Para os países da common law, parte-se de uma mesma origem histórica, mas conforme
ele se desenvolve em cada país vai ganhando características próprias, criando vários
sistemas menores. Vamos estudar apenas dois desses sistemas: o sistema inglês e o
sistema dos Estados Unidos da América. São os sistemas mais antagónicos possíveis.

Direito Inglês

Para entendermos como se forma o direito inglês, é preciso ter a clara ideia de que ele se
forma de uma realidade distinta da família romano-germânica. A família romano-germânica
forma-se pela autoridade da lei, definida por uma instituição político-jurídica.
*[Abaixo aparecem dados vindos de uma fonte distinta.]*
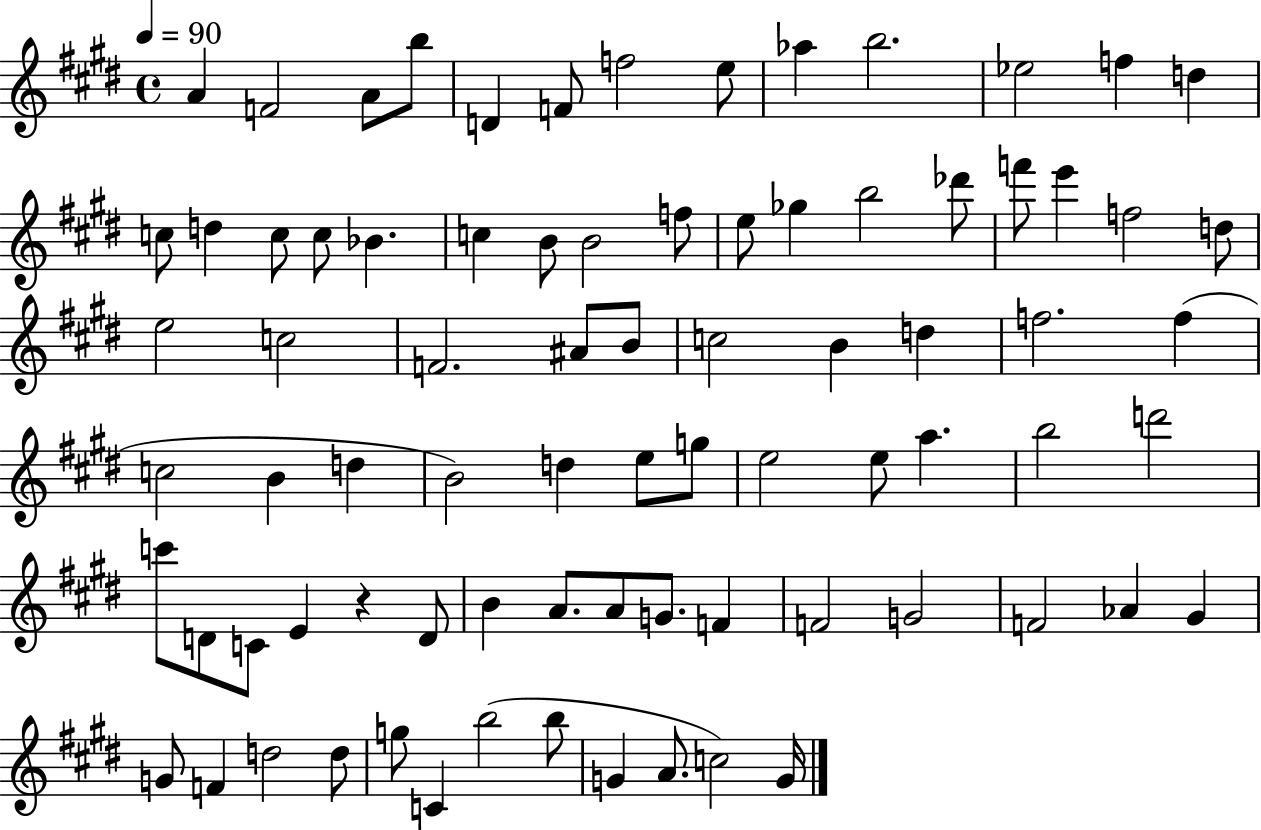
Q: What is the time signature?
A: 4/4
O Common
Law foca-se na experiência dos tribunais ingleses a partir do século XI. Em alguma medida,
para todos os Estados que seguem a Common Law, a lei é uma fonte anormal, atípica, de
criação de direito. Não significa dizer que a lei não seja uma fonte, mas não é tão
importante como para a família romano-germânica.

O que é que só o direito em inglês tem? Quais são as suas características singulares?

• Diferentemente da família Romano-Germânica, no common law o direito nasce da


vida social desvelada pelos tribunais, ou seja, da observação dos tribunais sobre a
realidade social. É um direito de baixo para cima. Não é como na família romano-
germânica, de um parlamento, de um senado, de uma assembleia de cima para
baixo.
• O direito inglês formou-se passo a passo em pequenos ajustes feitos na criação da
base normativa, o que permite afirmar que é fruto de sua história e cresceu em vez
de ser criado. O direito da common law, especificamente o direito inglês (que foi o
primeiro a ser registado em pertencer a essa família), está em constante
desenvolvimento (não quer dizer que esteja em constante progresso), está sempre
em movimento.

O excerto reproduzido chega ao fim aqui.